Qualche tempo fa, non molto a dire il vero, ho sottoposto il tuo scritto a chi ne conosceva già altri. Ho così avuto una chiave di lettura che avvalora quanto sta accadendo oggi in Sicilia in merito ad uccisioni ” opportune” per portare avanti svolte politico giudiziarie da”cambiamento ” .
Ma forse si tratta soltanto di fantasie mie e della persona alla quale ho sottoposto il tuo scritto. E che è tuo (lo scritto) sembra esserne convinto anche il mio interlocutore, visto che gli ricorda tanto le tue lettere a Svetonio (Antonio Vaccarino) che fanno parte dei fascicoli giudiziari che vi riguardano.
Per anni mi sono chiesto il perché di quel link al mio sito.
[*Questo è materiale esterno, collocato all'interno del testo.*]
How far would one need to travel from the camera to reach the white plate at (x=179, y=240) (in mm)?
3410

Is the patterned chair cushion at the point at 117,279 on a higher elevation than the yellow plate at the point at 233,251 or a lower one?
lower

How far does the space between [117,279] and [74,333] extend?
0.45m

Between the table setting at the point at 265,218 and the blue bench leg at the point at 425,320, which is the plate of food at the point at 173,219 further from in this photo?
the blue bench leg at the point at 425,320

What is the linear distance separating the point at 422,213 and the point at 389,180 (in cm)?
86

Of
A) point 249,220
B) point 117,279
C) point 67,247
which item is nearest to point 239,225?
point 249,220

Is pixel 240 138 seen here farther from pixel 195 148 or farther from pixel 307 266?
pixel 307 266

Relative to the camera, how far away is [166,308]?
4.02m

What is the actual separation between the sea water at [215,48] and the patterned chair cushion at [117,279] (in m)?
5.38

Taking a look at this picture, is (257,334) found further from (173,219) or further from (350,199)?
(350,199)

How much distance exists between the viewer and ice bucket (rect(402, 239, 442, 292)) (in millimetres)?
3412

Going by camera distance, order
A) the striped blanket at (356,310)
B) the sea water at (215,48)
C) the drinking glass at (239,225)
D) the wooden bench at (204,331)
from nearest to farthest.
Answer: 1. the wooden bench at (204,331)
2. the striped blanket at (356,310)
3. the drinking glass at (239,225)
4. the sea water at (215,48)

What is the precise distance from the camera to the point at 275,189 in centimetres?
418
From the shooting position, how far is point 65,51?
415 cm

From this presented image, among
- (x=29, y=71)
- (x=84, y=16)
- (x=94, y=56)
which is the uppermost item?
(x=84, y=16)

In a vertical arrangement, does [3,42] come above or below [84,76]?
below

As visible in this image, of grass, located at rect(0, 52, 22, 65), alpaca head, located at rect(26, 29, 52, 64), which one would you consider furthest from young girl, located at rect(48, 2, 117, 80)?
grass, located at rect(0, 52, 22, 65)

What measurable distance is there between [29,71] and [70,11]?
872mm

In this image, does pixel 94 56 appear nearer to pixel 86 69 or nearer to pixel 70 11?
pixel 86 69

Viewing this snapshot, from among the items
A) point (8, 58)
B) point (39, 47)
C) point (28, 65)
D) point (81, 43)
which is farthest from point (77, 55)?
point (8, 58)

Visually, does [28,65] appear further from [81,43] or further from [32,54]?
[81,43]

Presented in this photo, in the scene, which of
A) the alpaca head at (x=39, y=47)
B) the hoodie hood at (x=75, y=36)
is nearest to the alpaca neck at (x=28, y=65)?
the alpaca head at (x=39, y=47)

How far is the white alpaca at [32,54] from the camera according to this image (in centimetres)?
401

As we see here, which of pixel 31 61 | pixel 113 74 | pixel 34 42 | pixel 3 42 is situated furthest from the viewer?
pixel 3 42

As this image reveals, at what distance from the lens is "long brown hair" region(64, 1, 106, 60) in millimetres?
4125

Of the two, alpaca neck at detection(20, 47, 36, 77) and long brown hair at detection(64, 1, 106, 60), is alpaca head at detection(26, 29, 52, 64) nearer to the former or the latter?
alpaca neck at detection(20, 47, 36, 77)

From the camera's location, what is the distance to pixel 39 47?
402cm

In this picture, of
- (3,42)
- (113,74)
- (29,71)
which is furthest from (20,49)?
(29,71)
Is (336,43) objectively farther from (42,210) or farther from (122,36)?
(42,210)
Proprio non riuscivo a capire per quale ragione si potesse linkare il tuo “biglietto da visita informatico” a una pagina da me scritta in merito a vicende di mafia nelle quali il tuo nome non compariva e che risalivano a molto prima che tu fossi così in auge.
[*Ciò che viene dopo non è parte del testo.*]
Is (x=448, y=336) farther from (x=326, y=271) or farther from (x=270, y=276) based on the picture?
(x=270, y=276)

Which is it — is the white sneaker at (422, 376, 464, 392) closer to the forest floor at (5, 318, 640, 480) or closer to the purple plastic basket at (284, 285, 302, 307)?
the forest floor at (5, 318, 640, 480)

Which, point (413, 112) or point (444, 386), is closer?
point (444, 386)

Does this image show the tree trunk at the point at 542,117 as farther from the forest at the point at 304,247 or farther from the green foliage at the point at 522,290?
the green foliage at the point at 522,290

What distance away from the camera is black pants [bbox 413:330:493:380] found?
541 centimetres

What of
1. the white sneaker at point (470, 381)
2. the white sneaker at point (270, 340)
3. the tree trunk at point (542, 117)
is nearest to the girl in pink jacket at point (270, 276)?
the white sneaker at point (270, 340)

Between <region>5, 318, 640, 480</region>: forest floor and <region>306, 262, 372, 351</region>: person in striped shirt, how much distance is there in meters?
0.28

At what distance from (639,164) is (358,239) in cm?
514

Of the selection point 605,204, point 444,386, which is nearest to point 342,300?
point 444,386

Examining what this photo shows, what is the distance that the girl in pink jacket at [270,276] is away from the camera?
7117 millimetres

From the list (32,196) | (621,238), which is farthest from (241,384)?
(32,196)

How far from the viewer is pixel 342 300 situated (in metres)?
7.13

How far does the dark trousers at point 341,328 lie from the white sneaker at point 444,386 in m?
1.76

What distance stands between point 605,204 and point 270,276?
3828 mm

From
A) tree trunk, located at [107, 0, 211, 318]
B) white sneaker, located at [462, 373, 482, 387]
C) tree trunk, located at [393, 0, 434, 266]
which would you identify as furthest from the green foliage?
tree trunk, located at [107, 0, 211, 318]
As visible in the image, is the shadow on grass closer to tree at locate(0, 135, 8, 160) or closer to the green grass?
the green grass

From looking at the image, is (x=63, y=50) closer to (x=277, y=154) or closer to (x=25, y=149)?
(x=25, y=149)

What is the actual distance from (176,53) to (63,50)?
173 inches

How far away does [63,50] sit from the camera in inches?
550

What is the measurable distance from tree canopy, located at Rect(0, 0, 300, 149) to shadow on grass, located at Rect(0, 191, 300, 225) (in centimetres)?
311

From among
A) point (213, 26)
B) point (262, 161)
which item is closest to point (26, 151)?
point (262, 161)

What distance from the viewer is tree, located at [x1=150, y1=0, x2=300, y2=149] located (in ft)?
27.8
Poi, pian piano, mi è sorto un dubbio. Il dubbio di essere stato utilizzato. Già, chi meglio di me, sapendo che già due volte avevo denunciato affari nei quali c’era il tuo zampino, avresti potuto usare per far presentare una denuncia in merito l’esistenza di quella pagina? Una sorta di “corriere” inconsapevole di un “pizzino telematico” che volevi far giungere a qualcuno molto in alto.
Ma forse le mie sono solo fantasie. Forse sopravvaluto la tua intelligenza, considerato quello che I.M.D. riporta nella sua lettera: “Antonella Bonomo, una ragazza, una mamma che gridava pietà per il bimbo che portava in grembo – scrive I.M.D. – Inorridito, penso a te e ai tuoi amici che ridendo, come gli scellerati imprenditori-speculatori durante il terremoto de L’Aquila, la strangolate, la calpestate, la violate”.
Lui conclude la lettera, che invito tutti a leggere, scrivendoti “senza affetto e senza alcuna stima”. Io, alla disistima per te (e credimi, ne ho tanta), vorrei aggiungere quella verso tutti i “colletti bianchi” che in maniera vile ti hanno spianato la strada facendoti crescere e facilitando i tuoi progetti economici.
Tutte persone che usando la penna, e non la lupara, ritengono di avere le mani pulite da quel sangue che tu hai sparso nelle strade del mio paese. Quel paese dal quale sono lontano da un anno e non per paura di te (peraltro non potevo certo rappresentare un pericolo ma solo un piccolo fastidio), nè di quei miserabili pezzenti in giacca e cravatta che ti fanno da scendiletto.